HCAN national campaign manager Richard Kirsch said, “We have the momentum for real change, and with the commitment of the president and Democratic leadership in Congress, we know we can be stronger and louder than the special interests who make money off the status quo and would have any reform continue to put their profits before people's health.”

HCAN is sponsoring a congressional lobby day on June 25th in Washington, DC. For that day, organizers have planned a rally that they say will attract about 5,000 people. That event will be followed by visits to more than 300 members of Congress. Across the country, affiliated groups will be holding town hall meetings to build support for the effort.

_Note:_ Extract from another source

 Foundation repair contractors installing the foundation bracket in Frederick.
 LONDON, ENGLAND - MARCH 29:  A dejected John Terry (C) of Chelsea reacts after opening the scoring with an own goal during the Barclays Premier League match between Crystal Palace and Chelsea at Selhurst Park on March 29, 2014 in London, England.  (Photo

USAction, a co-chairing organization of the HCAN coalition, also plans to revive its Revive and Rebuild America Now campaign, which was originally created to build support for President Obama's budget earlier this year. After that success, USAction spokesperson David Elliot remarked, 'we’re bringing it back to life to pass progressive ways of raising revenue to pay for health care, such as closing corporate tax loopholes.'

This weekend, thousands of members of Organizing for America, a national grassroots movement that evolved out of the Obama campaign to support the President's initiatives, will hold hundreds of house parties to build momentum for healthcare reform.

Change to Win Chair Anna Burger put the economic necessity of meaningful health reform into a working-class perspective. 'Comprehensive health care reform lies at the heart of the American Dream, and without it, the dream is unobtainable. We're organizing on all fronts to make this dream a reality for all of America's workers,' she said.